Die Folterer benutzen eine Stechuhr

Das schwerste aller Themen: Marco Bechis’ Spielfilm „Junta“ versucht zu schildern, was zu Zeiten der Militärdiktatur in argentinischen Folterkellern geschah. Er tut das mit nüchternem Blick und erreicht dadurch Momente der Klarheit

Es braucht nicht viel, um die Siebzigerjahre wiederauferstehen zu lassen. Für ein Revival der anderen Art genügt ein Sack über dem Kopf, wahlweise eine Augenbinde. Menschen werden auf offener Straße gekidnappt, im Auto wird der Kopf nach unten gedrückt, damit man sie nicht sieht. Mutmaßliche Widerständler flüstern Sätze wie „Ich will nicht wissen, wo du wohnst“. Es sind Bilder einer heimlichen, erbärmlich primitiven Diktatur, wie es sie damals zu dutzenden gab. Der argentinische Regisseur Marco Bechis ruft sie jetzt wieder hervor. „Junta“, bereits vor vier Jahren gedreht, ist den 30.000 Menschen gewidmet, die man seit dem Ende der Militärdiktatur als „Desaparecidos“ bezeichnet, als „Verschwundene“. Es ist ein Film über die Folter.

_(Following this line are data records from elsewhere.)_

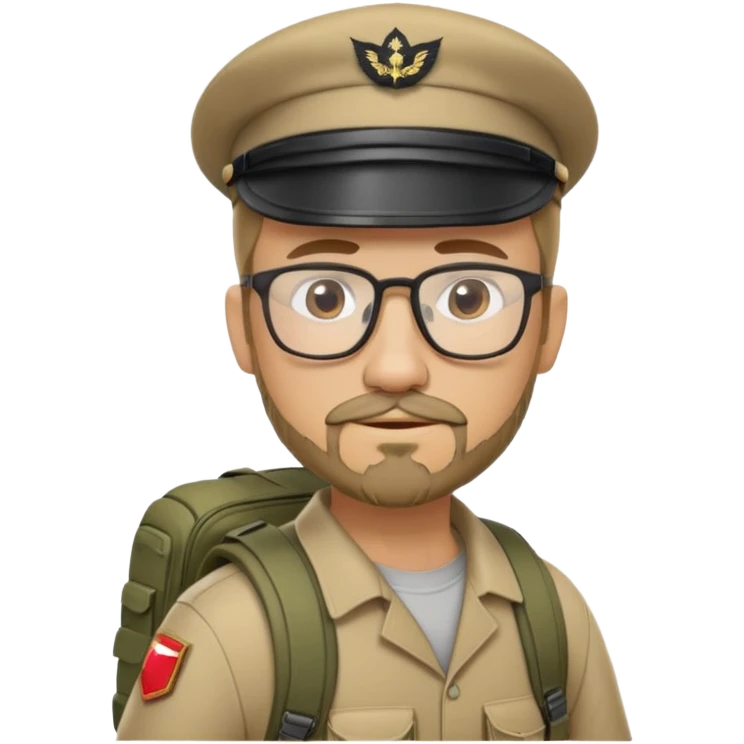 adventurer with goatee beard (no beard on cheeks), short hair, glasses, backwards military tan cap and backpack emoji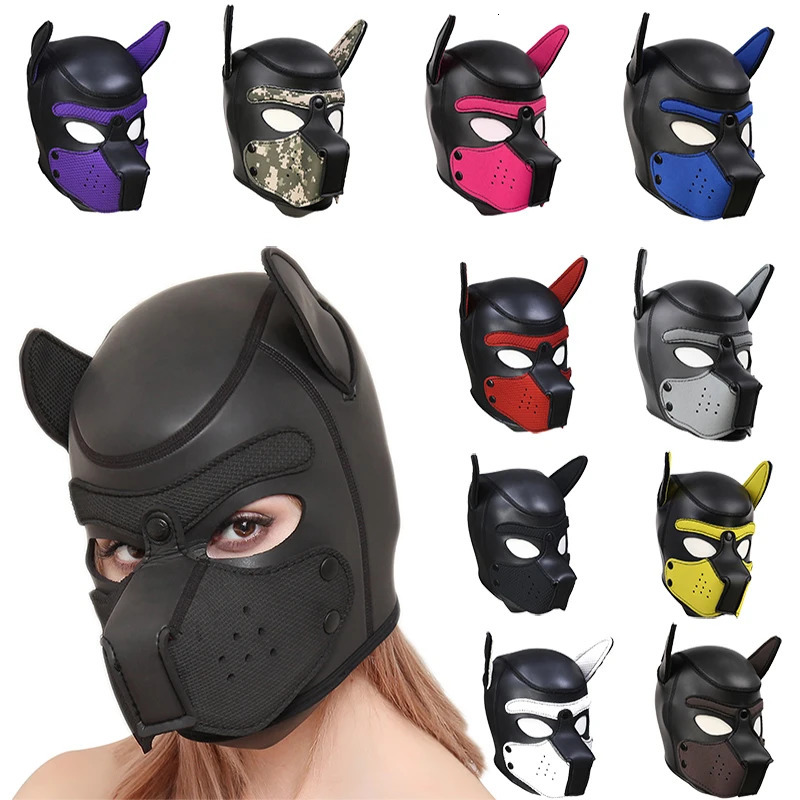 XL Size Party Masks Pup Puppy Play Dog Hood Mask Padded Latex Role Play Cosplay Full Head Ears Halloween Mask Sex Toy For Women 250410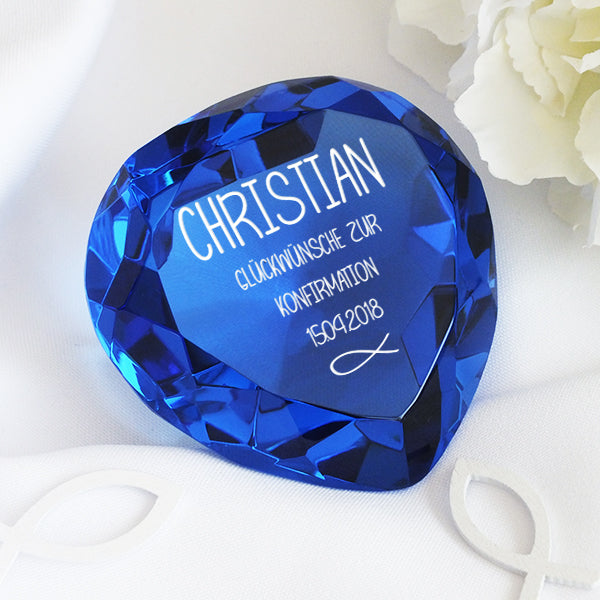 Glasdiamant zur Konfirmation mit Gravur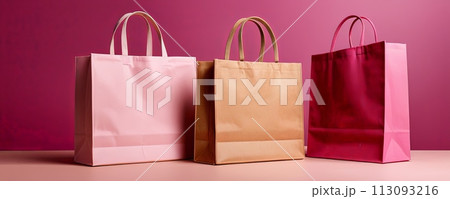 Shopping bag on backdrop with studio lighting, shopping, marketing, promotion, sale advertisement and product placement. Shopping bag on backdrop with studio lighting, shopping, marketing, promotion, sale advertisement and product placement. 113093216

Gefoltert wird im unterirdischen Teil einer Autowerkstatt namens „Garage Olimpo“ in Buenos Aires. Nur eine Stahltür trennt die belebte Straße von dem, was hier mit Maria (Antonella Costa) gemacht wird. Die Studentin wird ohne Nachricht nach draußen festgehalten und mit Stromstößen traktiert. Ihr Folterer Felix ist der Untermieter ihrer Mutter und ein bisschen in sie verliebt, aber wer hier wen foltert und was dabei herauskommen soll, ist im Grunde unerheblich. Was zählt, ist die Angst, der Schmerz, der Schmutz und die Zeit, die verrinnt. Die Folterer haben eine Stechuhr.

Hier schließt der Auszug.